É preciso assumir que a seca e as ondas de calor vão ser “normais” em grande parte de Portugal – exatamente como são, há muito, no Norte de África
Ao longo de 2022, Portugal esteve vários meses com a maior parte do seu território continental sob seca extrema. Este ano, apesar das grandes chuvadas e até das inundações que marcaram o inverno, o fenómeno regressou e, porventura, ainda com maior força. Os indicadores não deixam dúvidas: desde fevereiro, com a pluviosidade em níveis baixíssimos em comparação com os anos anteriores, não tem parado de crescer a porção de território com falta de água. No entanto, apesar dos avisos da meteorologia de que se aproximam mais meses quentes e secos, o assunto continuou, durante a maior parte do tempo, a ser praticamente ignorado ao mais alto nível político.
Num País “ocupado” com as peripécias da comissão de inquérito à TAP e entretido com o suspense em redor da ameaça-permanente–mas-nunca-concretizada de dissolução do Parlamento, o fenómeno que maiores consequências pode ter para o nosso futuro coletivo foi encarado, ao longo de semanas, com o silêncio do Governo e o desinteresse de toda a oposição. A realidade, por mais que a pretendam desmentir, é esta: somos capazes de, no espaço público, passar dias a discutir a diferença de duas décimas numa previsão económica ‒ do FMI, do Banco Mundial ou da OCDE –, mas persistimos em ignorar os números, exatos, que nos indicam a progressão imparável da seca e do aumento das temperaturas.
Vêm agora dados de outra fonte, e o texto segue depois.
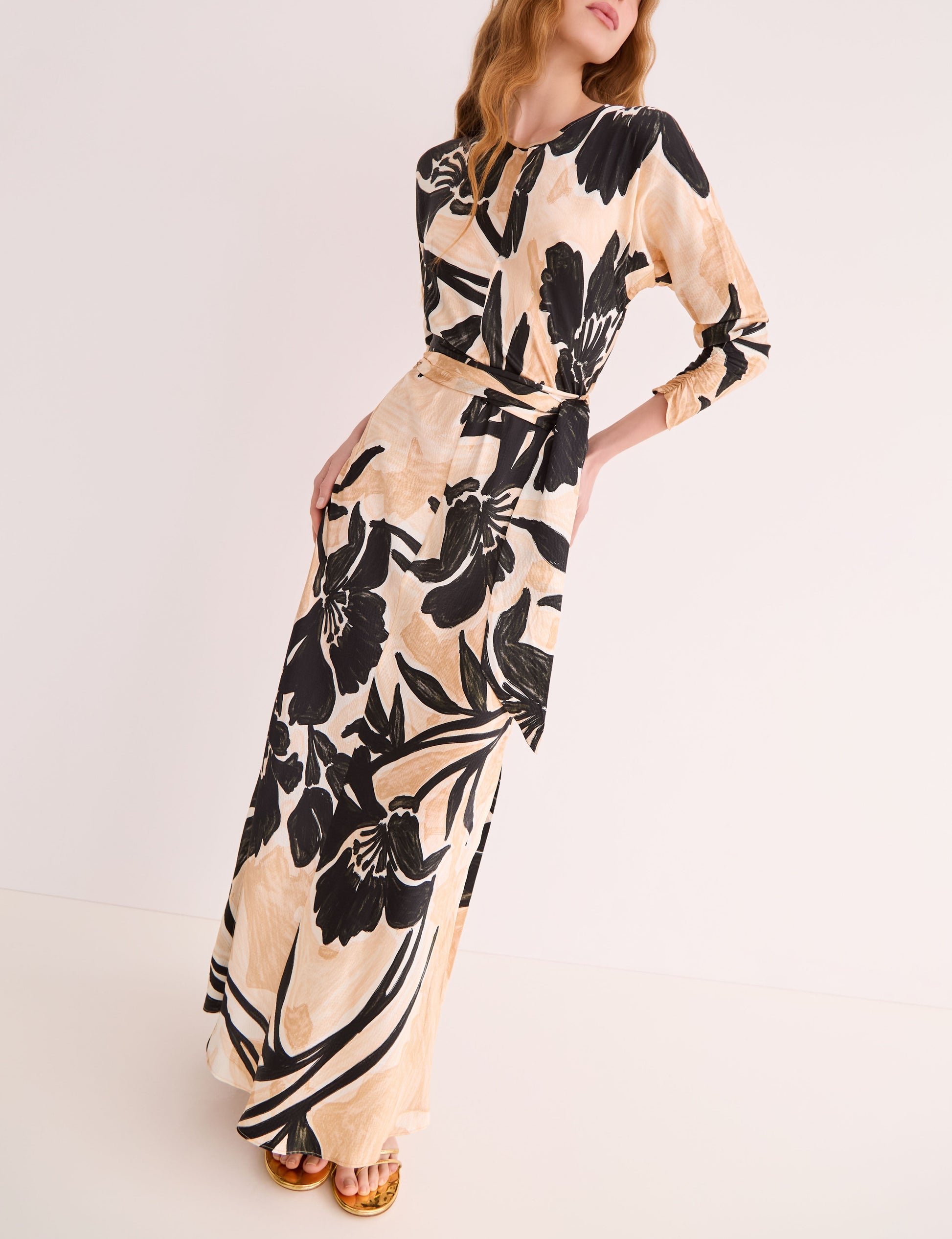 A woman wears the Cara Cara Montgomery Silk Midi Dress, a long-sleeved hammered silk piece featuring an allover beige and black floral print, standing against a plain light background.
E a apatia que existe face a essa realidade diz muito sobre nós, eleitores, e sobre o estado real dos políticos que elegemos ou que apoiamos: preferimos sempre a discussão sobre o incerto – como a evolução da economia, em que cada um pode dizer que o futuro lhe dará razão, conforme a previsão que escolher – do que enfrentar aquilo que, comprovadamente, é certo mas que obriga, por isso, a um muito maior poder de decisão e até, com toda a certeza, à tomada de medidas que serão impopulares e penalizadoras em futuras eleições. […]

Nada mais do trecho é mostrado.